Are Bert and Ernie gay? The writer says yes but the puppeteer says no



It seems the LGBTQ + community celebrated too soon.

Just hours after “Sesame Street” writer Mark Saltzman confirmed Bert and Ernie are a couple, others behind the show deny the couple are involved in a romantic relationship.

Frank Oz, the puppeteer behind Bert, said in a statement on Twitter that Bert and Ernie are not gay, despite Saltzman insisting they are.

“It appears that Mr. Mark Saltzman was asked if Bert and Ernie were gay. It’s good that he thinks they are. They are not, of course, ”Oz wrote.
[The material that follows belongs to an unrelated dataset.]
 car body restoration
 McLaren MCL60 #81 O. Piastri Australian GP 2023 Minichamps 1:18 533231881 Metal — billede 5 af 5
He added, “But why this question? Does it really matter? Why the need to define people as only homosexual? There is much more to a human being than rectitude or homosexuality.

Oz backed down to clarify that by saying they aren’t gay he didn’t mean Bert and Ernie were straight. Instead, he said the couple were just meant to be friends without emphasizing any sexual orientation.

After much debate on Twitter, he tweeted that he realized the gay couple meant a lot to a community that feels underrepresented.

Saltzman, who joined the series as a writer in 1984, said he modeled Bert and Ernie after his own gay relationship with longtime partner Arnold Glassman, whom he affectionately calls “Arnie,” in a recent interview that rocked social media.

“I always thought that without a huge agenda, when I was writing Bert & Ernie, they were [gay]”he told Queerty.

Saltzman continued, “I was already with Arnie when I got to Sesame Street. So I don’t think I would know how to write them any other way, but as a couple in love. I wrote sketches… Arnie’s OCD would create friction with how chaotic I was. And that’s the Bert and Ernie dynamic.

While Sesame Workshop took to Twitter shortly after to say that the puppets “identified as male characters” but “have no sexual orientation,” they have since deleted that tweet and issued a new statement to point out that ‘they are’ best friends ‘for’ people of all cultures and walks of life. “

“Sesame Street has always stood for inclusion and acceptance. It is a place where people of all cultures and backgrounds are welcome. Bert and Ernie were created to be best friends and to teach young children that people can get along with those who are very different from themselves, ”the updated release said.